***** Exercise inputs

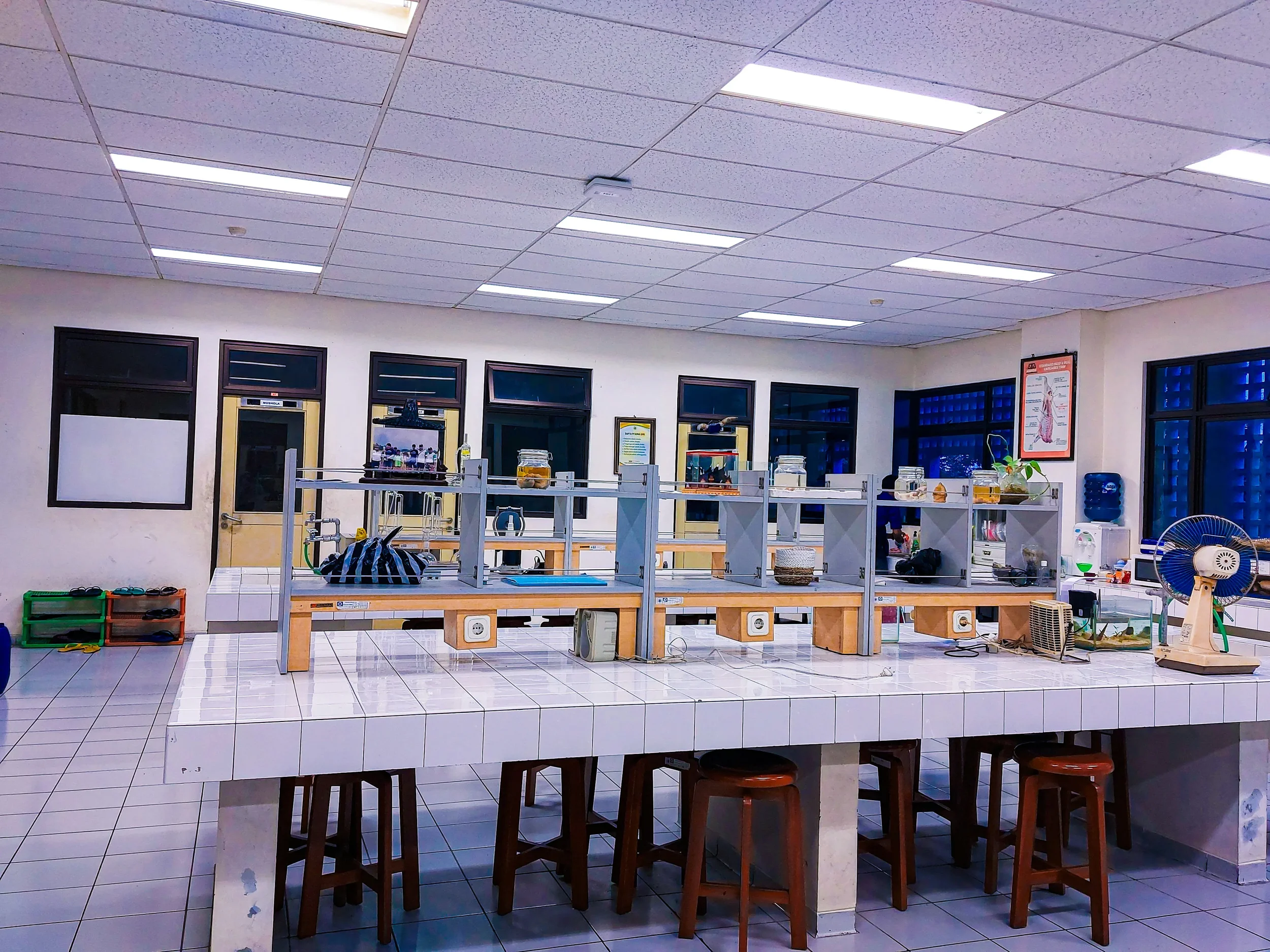 school scales calibration
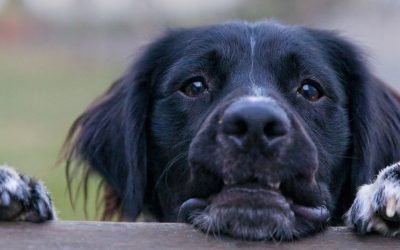 Gubitak voljene osobe: Da li vaša tuga postaje trauma kod pasa?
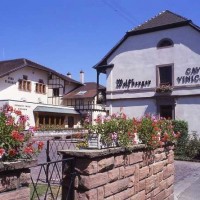 La Maison Wolfberger une étape incontournable de la « Route des Vins d’Alsace »
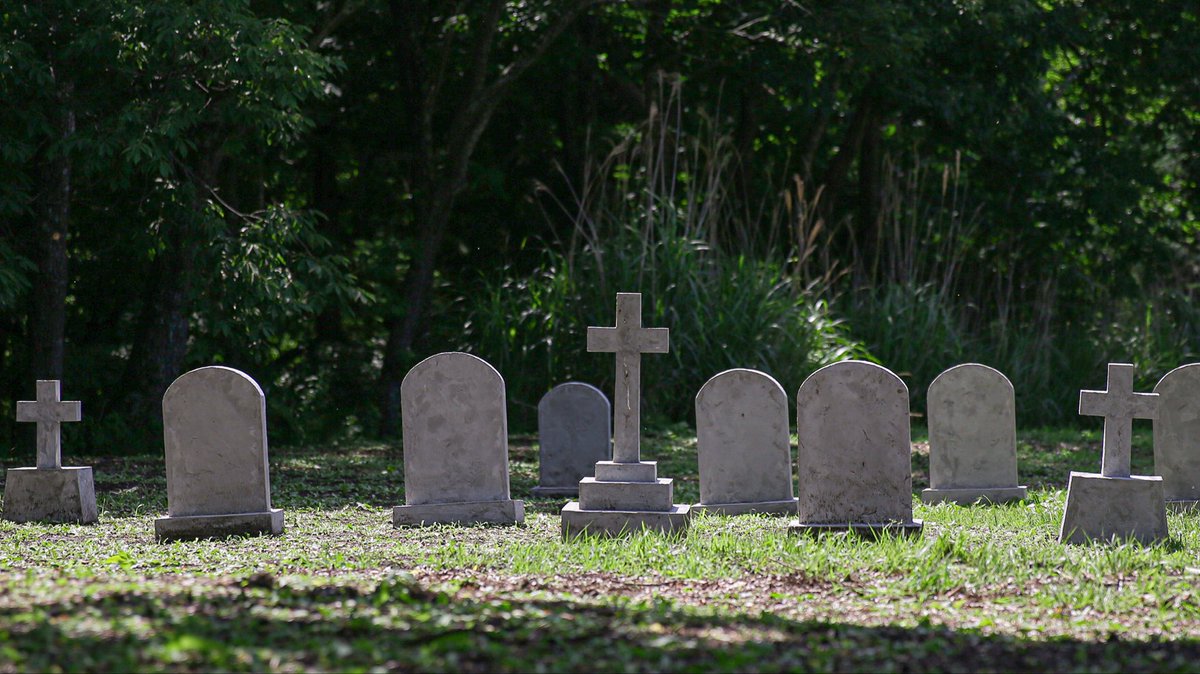 コスフォレスト｜自然コスプレスタジオ tweet media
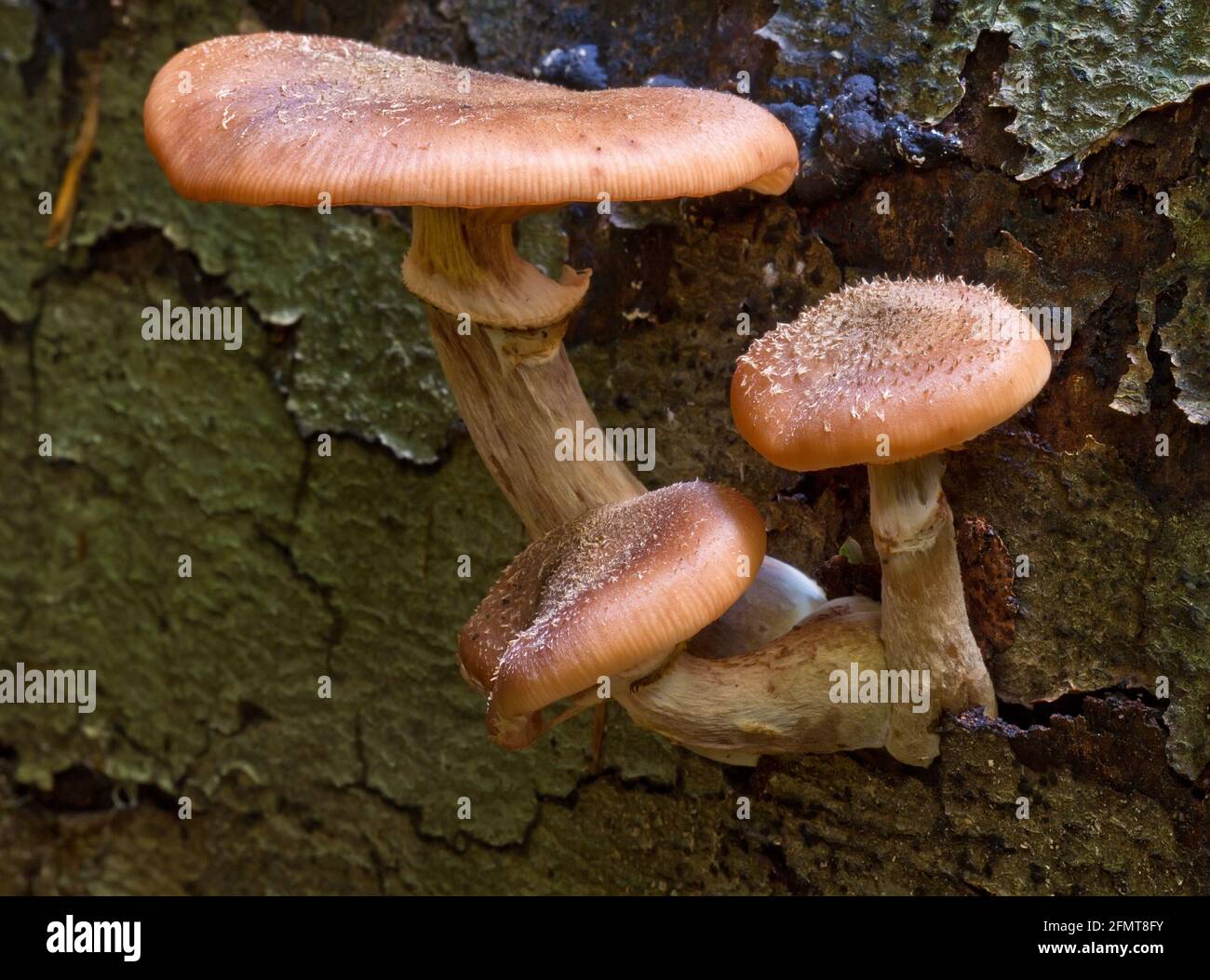 The mushrooms are sporocarps or fruiting bodies, a set of multicellular fungi that includes many species. Stock Photo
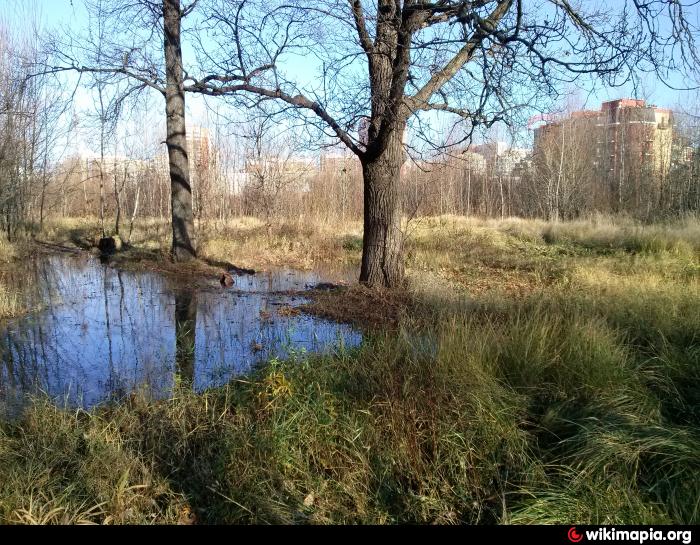 Болота москвы. Верховые болота Пущино. Звягино Московской болота. Загорновское болото. Болота в Москве.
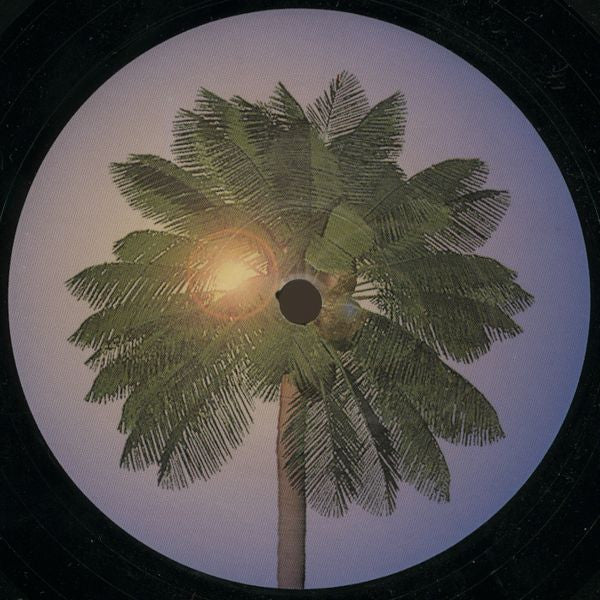 Paragliders : Oasis (12")
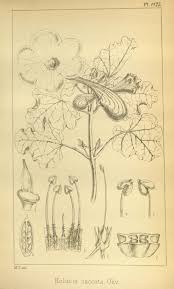 Image result for Holubia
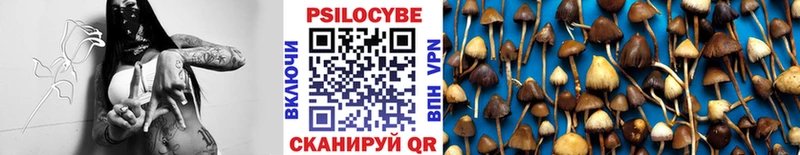 как найти закладки  OMG tor  Галлюциногенные грибы Cubensis  Кемерово 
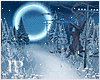Winter Snowy Path Moon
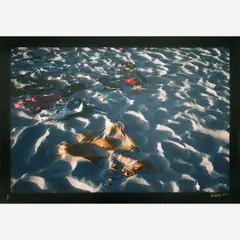 Itapoã by Miguel Rio Branco, C-PRINT, offered Dec 2016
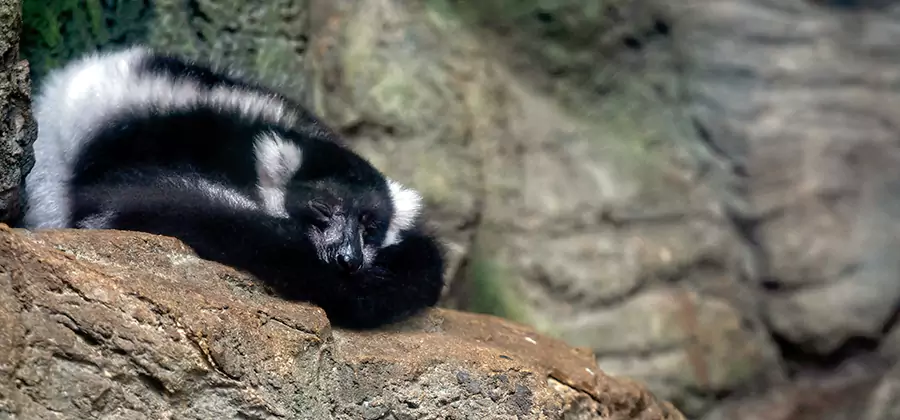 Humane Skunk Removal in Livingston
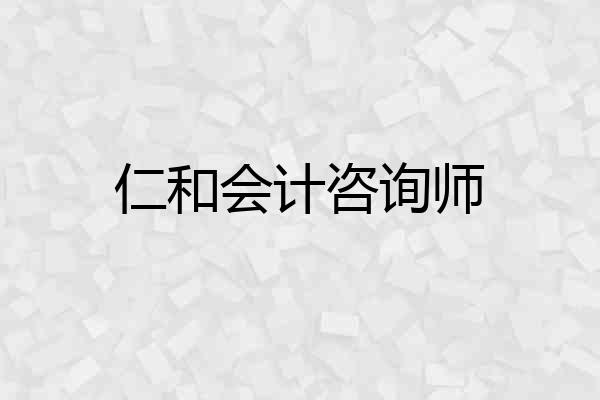仁和会计咨询师
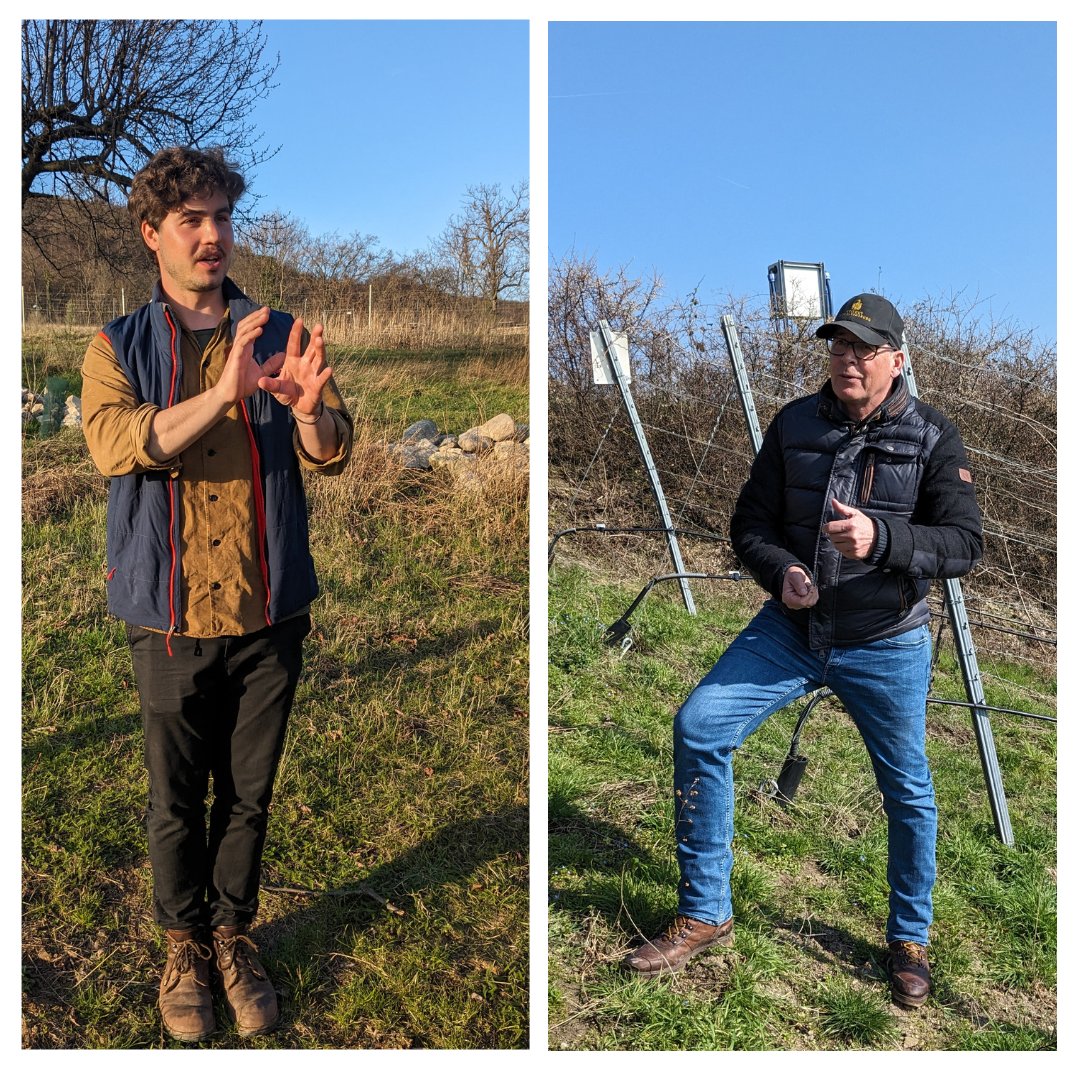 vwe_veritablewinesestates tweet media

**********

> Directions for this task: Copy each entry exactly as written. Pictures do not belong in the copy.

> Problem solution:
 school scales calibration
 Gubitak voljene osobe: Da li vaša tuga postaje trauma kod pasa?
 La Maison Wolfberger une étape incontournable de la « Route des Vins d’Alsace »
 コスフォレスト｜自然コスプレスタジオ tweet media
 The mushrooms are sporocarps or fruiting bodies, a set of multicellular fungi that includes many species. Stock Photo
 Болота москвы. Верховые болота Пущино. Звягино Московской болота. Загорновское болото. Болота в Москве.
 Paragliders : Oasis (12")
 Image result for Holubia
 как найти закладки  OMG tor  Галлюциногенные грибы Cubensis  Кемерово 
Winter Snowy Path Moon
 Itapoã by Miguel Rio Branco, C-PRINT, offered Dec 2016
 Humane Skunk Removal in Livingston
仁和会计咨询师
 vwe_veritablewinesestates tweet media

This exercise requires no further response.